Scribble at 2025-12-18 18:02:44 Last modified: 2025-12-18 18:19:06
PGP が普及しないという話題なのだが、もちろんこれがそもそも「問題」なのか、つまり「そもそもメールの暗号化なんて普及させる必要があるのか」という問いは敢えてやめておこう。そんなことを勝手にわれわれ実務家が議論するのは無礼だし、不当でもある。それではまるで安直なパターナリズムや行政トリクルダウン(あるいは行政スカイフック)を掲げる宮台真司氏のようなファシスト社会学者と同じになってしまう。

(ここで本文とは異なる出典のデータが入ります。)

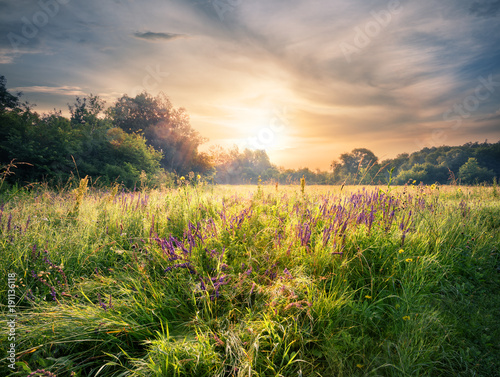 Fotografie, Obraz Meadow with wildflowers under the setting sun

ともあれ、この話題は、エンド・ユーザが情報セキュリティの技術や仕組みを知っていないと情報を安全に運用したり保護できないものなのかという、セキュリティを自主的に高めるための課題という広い話題にかかわる。暗号化の処理を自動化したら、それはそれで「正しく暗号化されているかどうか」に全く注意を払わなくなるというモラル・ハザードが起きる。ユーザビリティの向上で利便性を担保すると、これは情報セキュリティという情報の安全な運用にとっては逆効果になるという興味深い議論も出ている。
なお、上に添付したのは NotebookLM が作成したインフォグラフィックだが、なかなかよくできている。これも会社の研修や教材で利用させてもらおう。
なお、上記の記事などを参考にして音声概要も NotebookLM に作ってもらったのだが、内容の一部に疑問があって、「MD ポッドキャスト」では採用しない(上のインフォグラフィックにも右下に迂闊なまとめ方がされている。ただ、これはもとの記事の影響だろうから、つまりは僕が元の記事や関連する議論に同意していないということなのだ)。なぜなら、音声概要の登場人物は、エンドユーザの多くは暗号化よりもメールがちゃんと届くことを優先するから、セキュリティよりも利便性を優先しているのだと評しているのだけれど、僕はこれは間違った比較だと思うからだ。そうではなく、これは情報セキュリティの CIA triad という区分を使えば、この対比は情報資産を運用するにあたって機密性と可用性のどちらを重視するかという話になるからだ。よって、この比較を「セキュリティ優先 vs. 利便性優先」という、よくある「専門家 vs. 一般人」とか「理想 vs. 現実」の対比にすることはミスリードだと言いたい。通俗的な話や本を書く連中に限って、すぐにこういう対比を振り回して「情報セキュリティのリアリティ」だとか「セキュリティの現場」だとかいうアホ話をし始めるので、なおさらこういうことは声を大にして異議を口にしたいところだ。